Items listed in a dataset
* * * * * * *

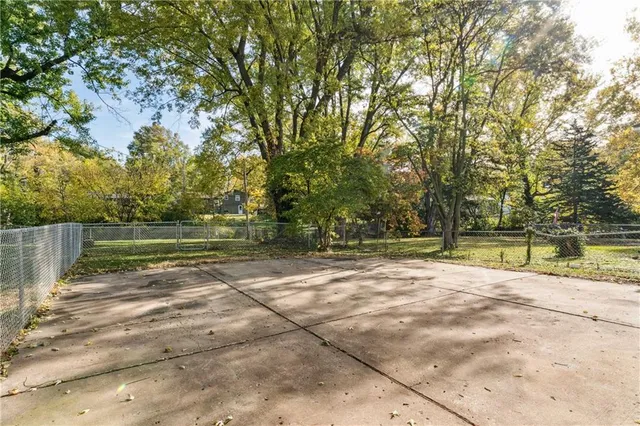 $320,000 | 6605 North Agnes Avenue, Gladstone, MO 64119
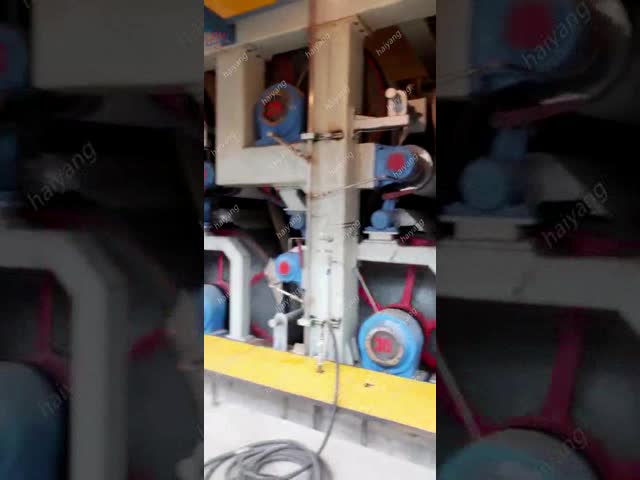 機械1575mm 300m/分を作るカスタマイズされた複式アパートのボール紙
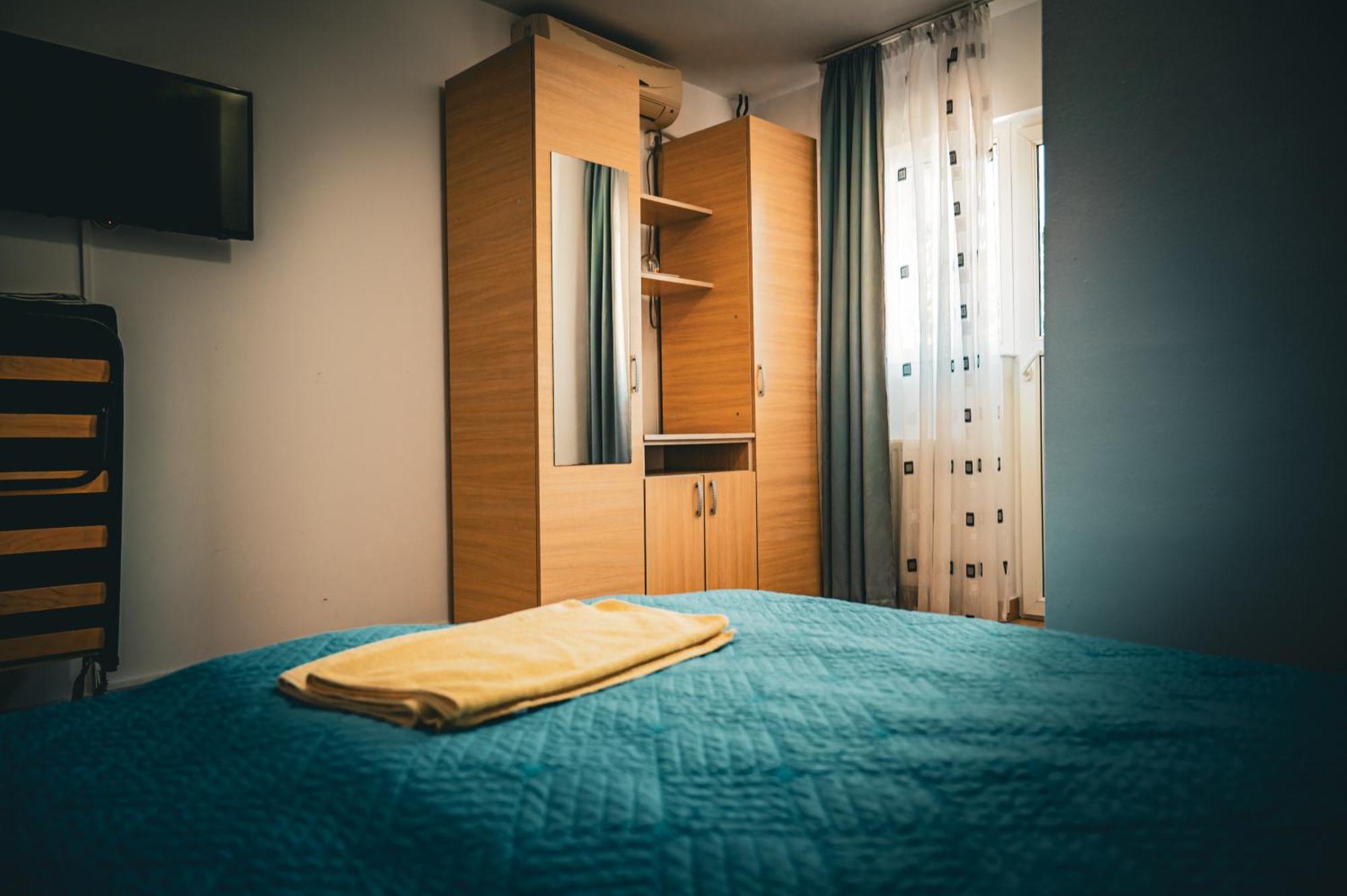 Casa La Dinamo Hotell Două Mai Exteriör bild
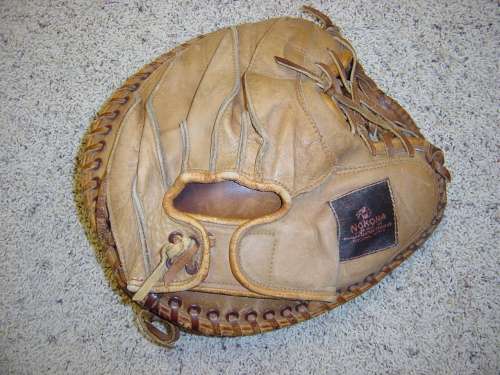 Dick Aylward Nokona CM57 Back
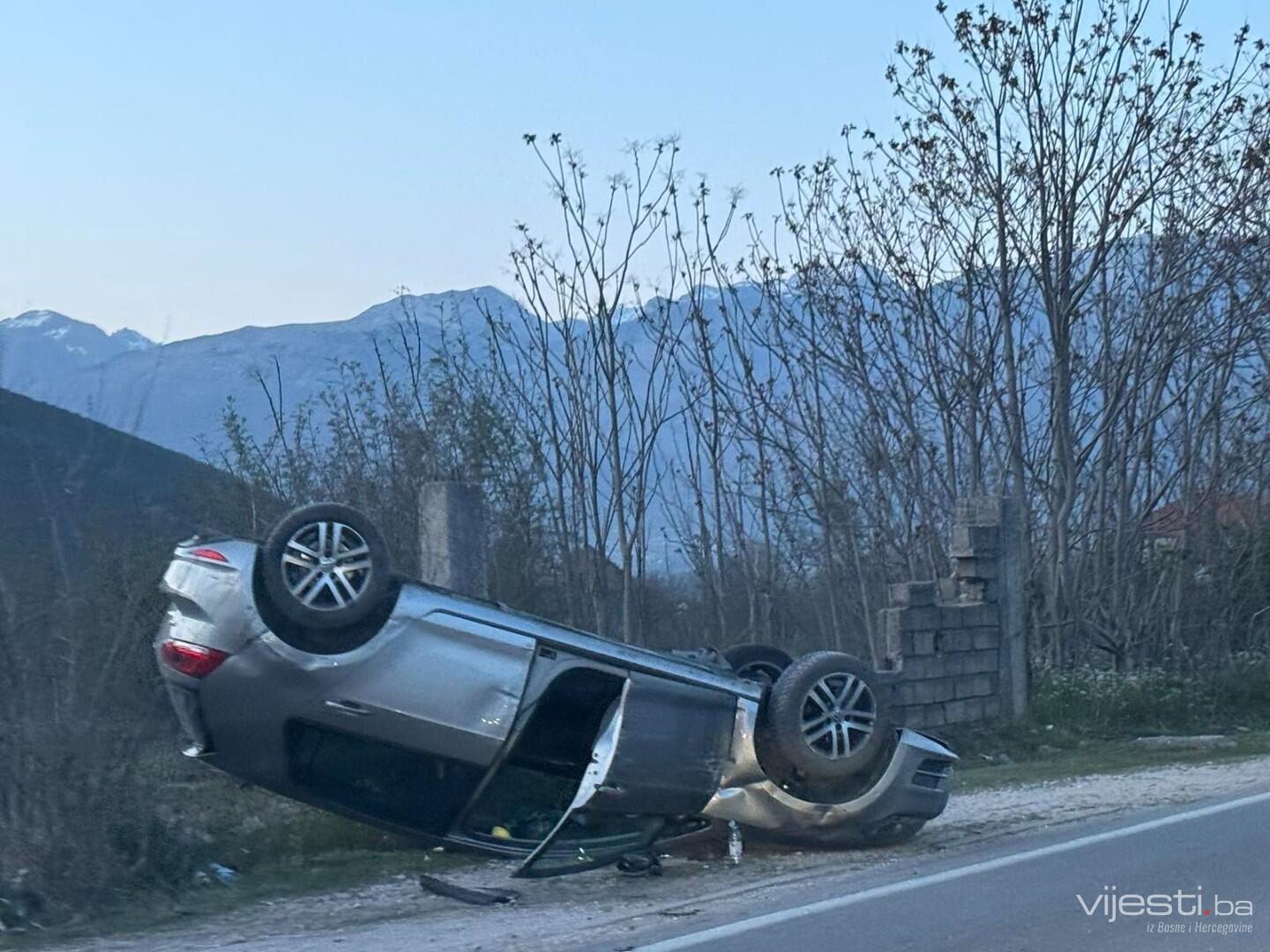 Kod Mostara se prevrnuo automobil, saobraćaj usporen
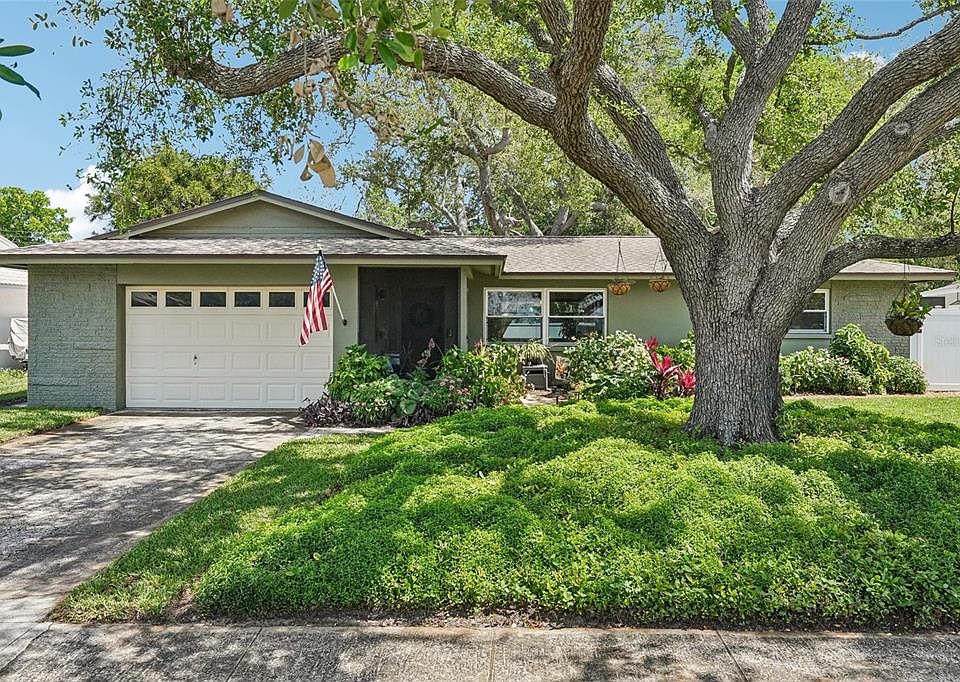 1st image of 11469 Imperial Grove Dr E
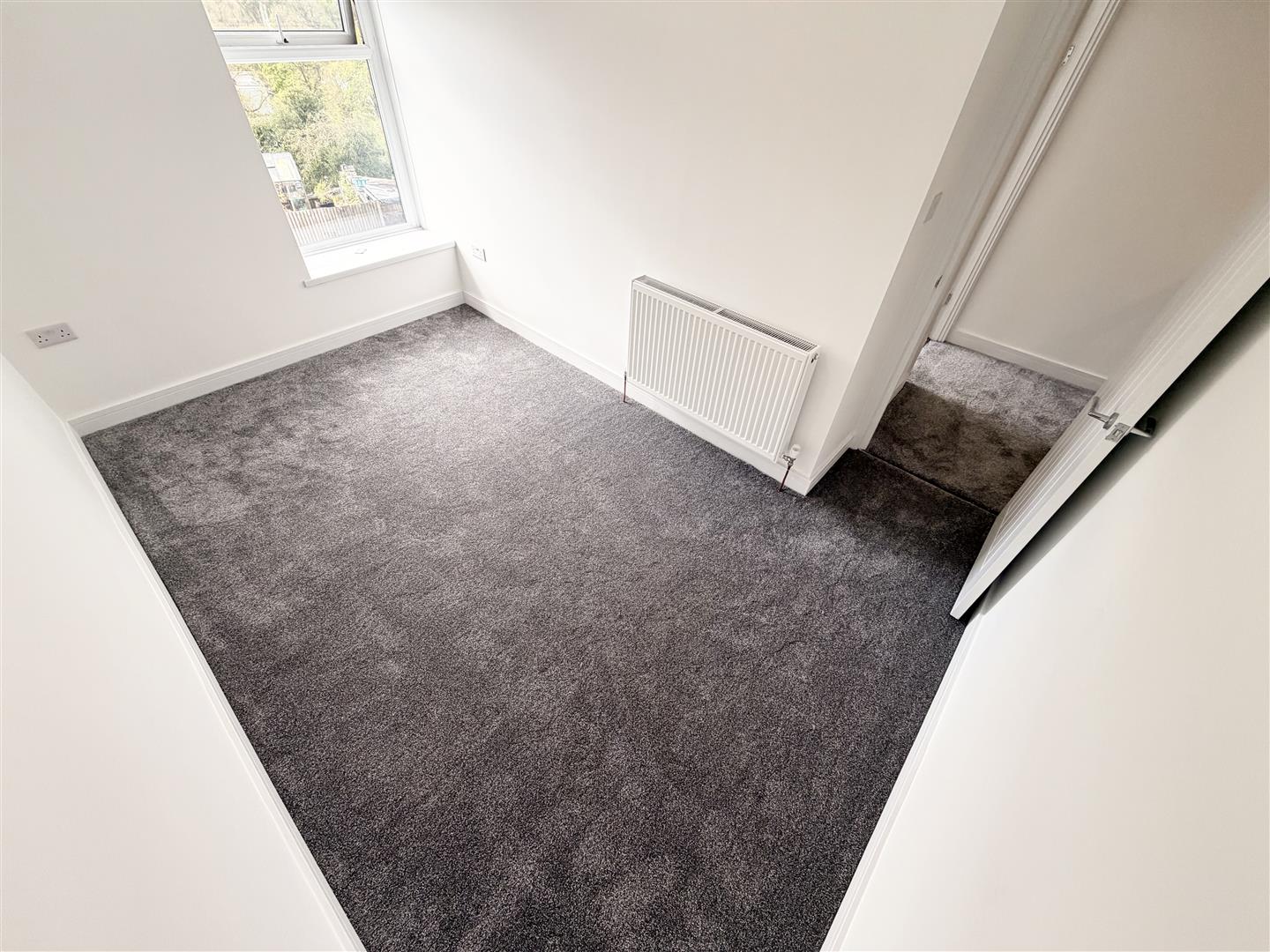 house - terraced for rent penrhys road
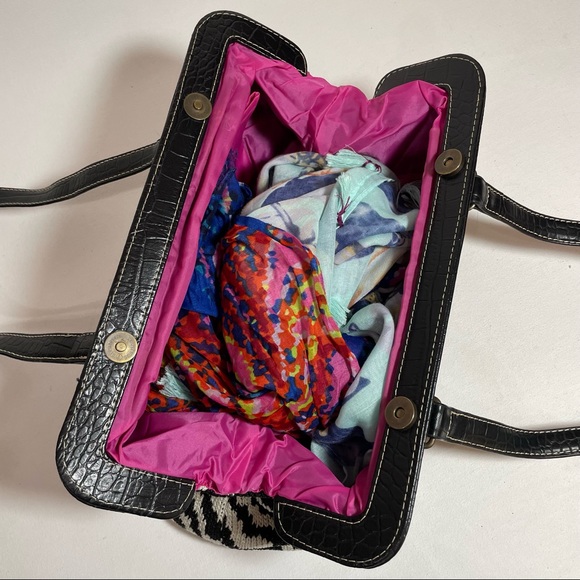 The Sak knit zebra shoulder bag 🦓 with snap closure 👛 and croc 🐊 leather - Picture 10 of 14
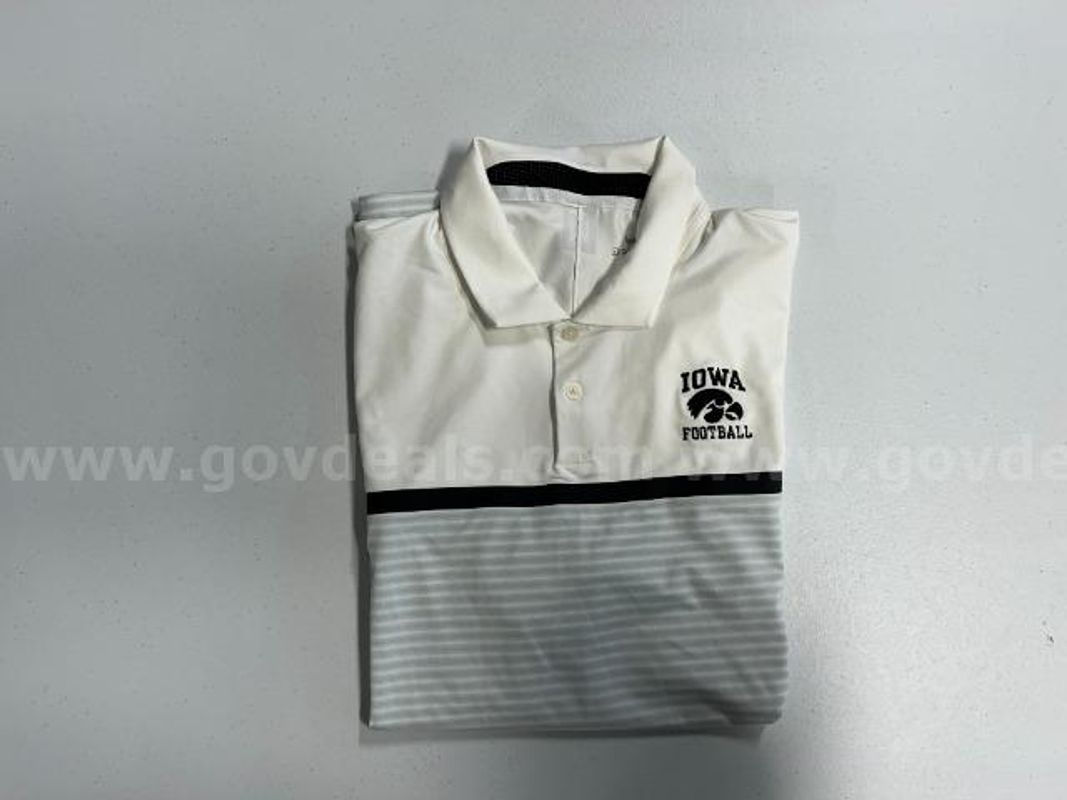 Lot of 1, Nike Tiger Woods Vapor Golf Polo, White in color. Size: M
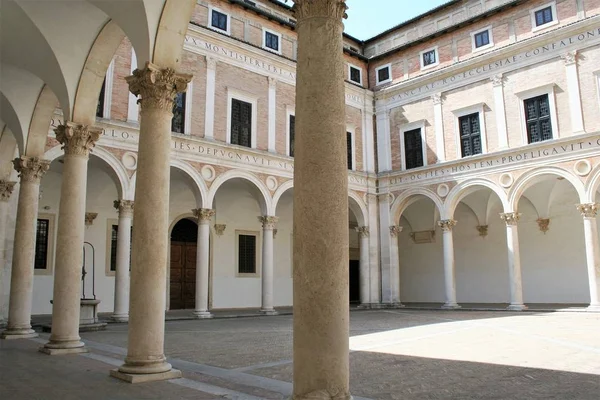 Palacio Ducal Italiano Palazzo Ducale Edificio Renacentista Ciudad Italiana Urbino — Foto de Stock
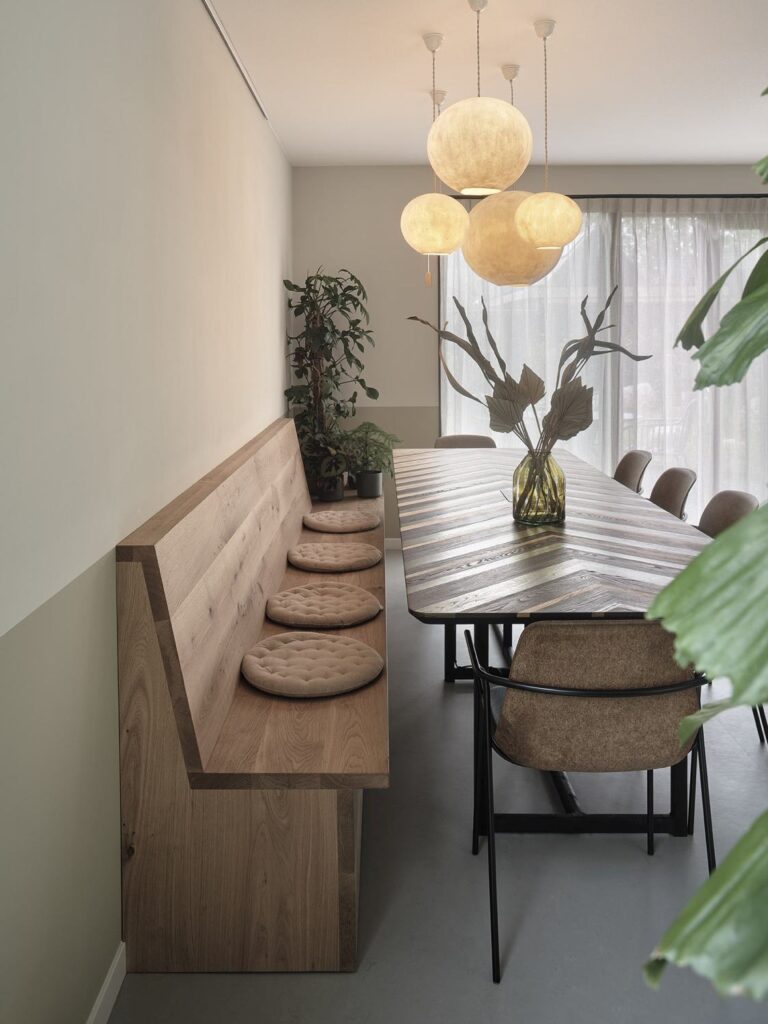 Interieurfoto met biobased eettafel van Handig in Hout, project Nieuwehorne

* * * * * * *

Your objective: Write out exactly the lines beginning with the line that holds "Kod Mostara se" and ending with the final line of the data, both ends included, without the pictures.

Exercise result:
 Kod Mostara se prevrnuo automobil, saobraćaj usporen
 1st image of 11469 Imperial Grove Dr E
 house - terraced for rent penrhys road
 The Sak knit zebra shoulder bag 🦓 with snap closure 👛 and croc 🐊 leather - Picture 10 of 14
 Lot of 1, Nike Tiger Woods Vapor Golf Polo, White in color. Size: M
 Palacio Ducal Italiano Palazzo Ducale Edificio Renacentista Ciudad Italiana Urbino — Foto de Stock
 Interieurfoto met biobased eettafel van Handig in Hout, project Nieuwehorne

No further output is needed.